Don’t say that, say this!

Updated on: 11 April,2023 08:32 AM IST  |  Mumbai
C Y Gopinath |

Words matter. But racism and contempt exist in every language. Creating sterile alternatives in English alone is an act of linguistic colonialism

Don’t say that, say this!

Over the last few decades, we have been browbeaten into political correctness, ending up politically pointless. By C Y Gopinath, using Midjourney

C Y Gopinath In 2000, when I left India and took up work with an American NGO in Kenya, I attended my first ever lunchtime brown-bag session. The idea, as explained to me, was a lunchtime chat on a random topic over sandwiches or burgers served in individual brown bags and paid for by the NGO. It was a social and stimulating hour.

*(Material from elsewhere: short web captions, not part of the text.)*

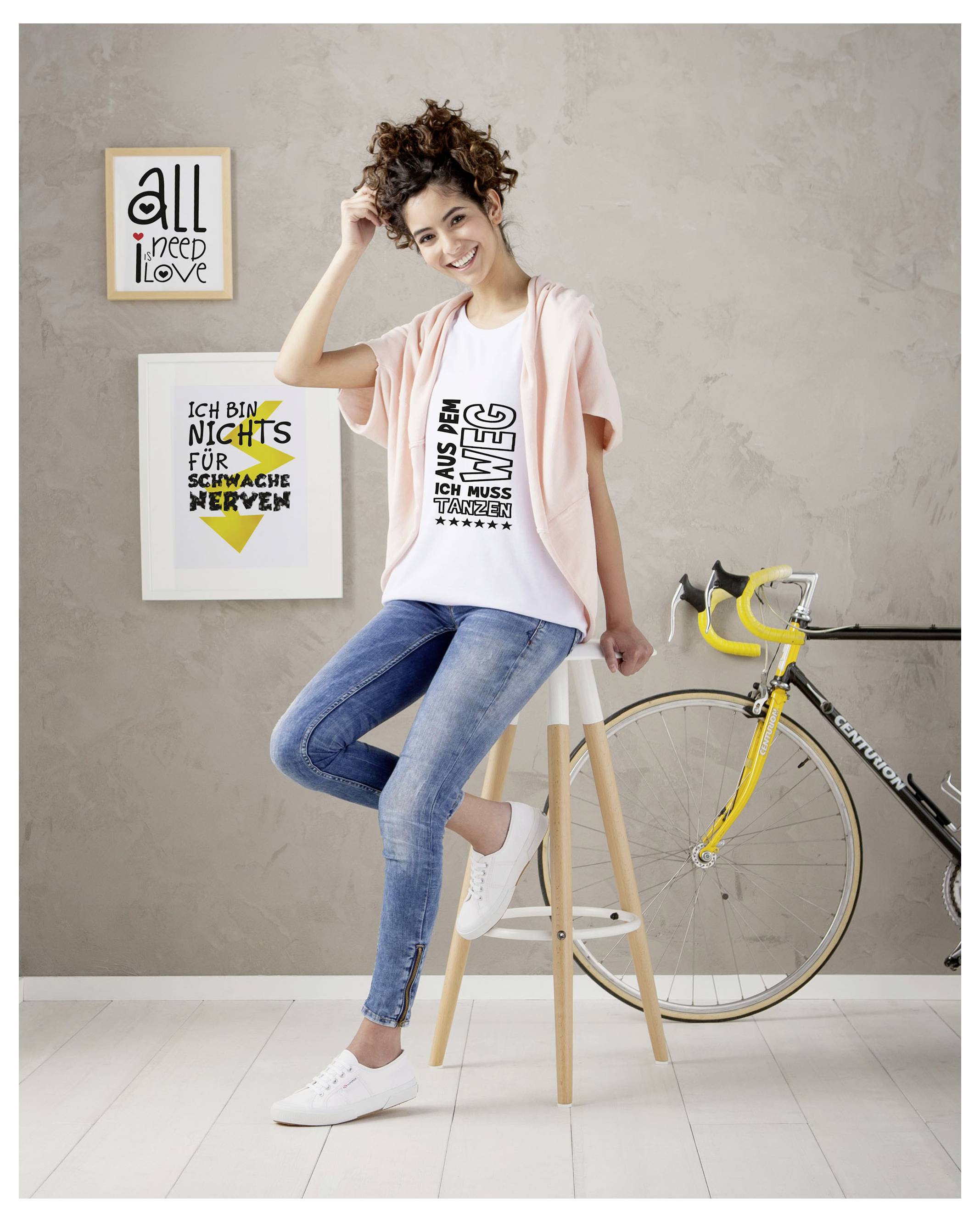 En ung kvinna sitter leende på en pall bredvid en gul tävlingscykel; i bakgrunden hänger två inramade affischer med engelsk och tysk typografi.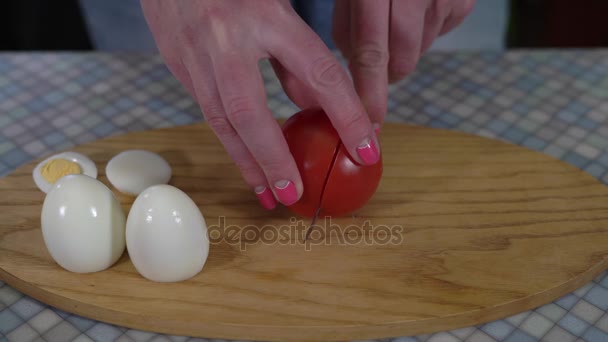 Detail z rukou mladé dívky s kuchyňským nožem řezat zralé rajče na polovinu, pak dal dvě poloviny vedle rajčat na kuchyňské desce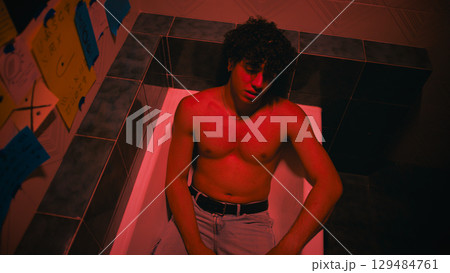 Angry And Sad Man Taking Off His Shirt Angry And Sad Man Taking Off His Shirt 129484761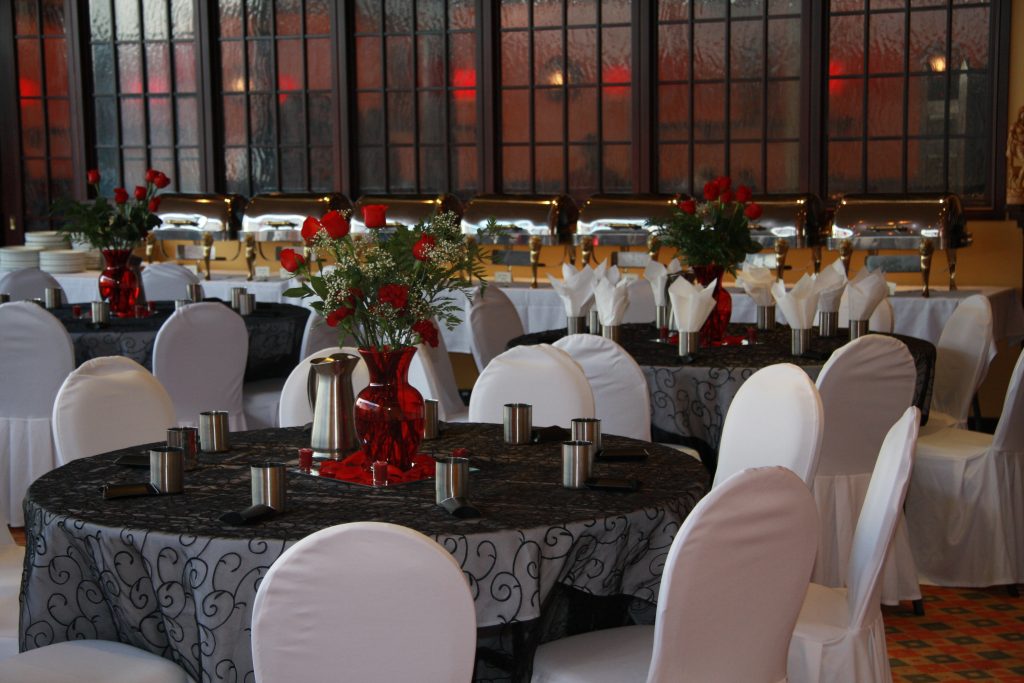 Private banquet hall setup with elegant round tables and formal chair covers for wedding receptions and corporate events at Karaikudi Scarborough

Today, nearly a quarter century later, I have to be careful about calling for a ‘brown-bag’ session lest I unwittingly demean or offend some brown-skinned person. Bags of other colours could be equally treacherous. White bags could be landmines of the colonial kind, while lunches in yellow or black bags might just not look good on TikTok.


Over the last few decades, we have been browbeaten into political correctness, ending up politically pointless. Voices tell us how to speak, teaching us words to avoid and recommending others. We are now masters—oops, that’s male-specific, make it competent—at toeing the line, no questions asked.


In the 1990s, I was rapped on the knuckles for saying prostitute instead of the newly approved sex worker. People infected with HIV had to be distinguished from those whose infection had progressed to AIDS and referred to as people living with HIV or  people living with HIV and AIDS.

Always, we are now taught, put the person first. Thus, it’s persons with disability, persons with diabetes and of course, persons of colour. In this multiverse, a white person, naturally, is not a person of white colour.

A new family of words has emerged, spawned by the concept of challenged persons—vertically challenged (short); follically challenged (bald); behaviourally challenged (idiot); numerically challenged (minorities); and many others.

The unemployed are involuntarily leisured. Clumsy people are simply uniquely coordinated. People who make no sense are merely differently logical.

We are involuntary recipients of a watered-down, anodyne language that no one is offended by, and no one understands either. Here’s my question: where is all this coming from? When will it end?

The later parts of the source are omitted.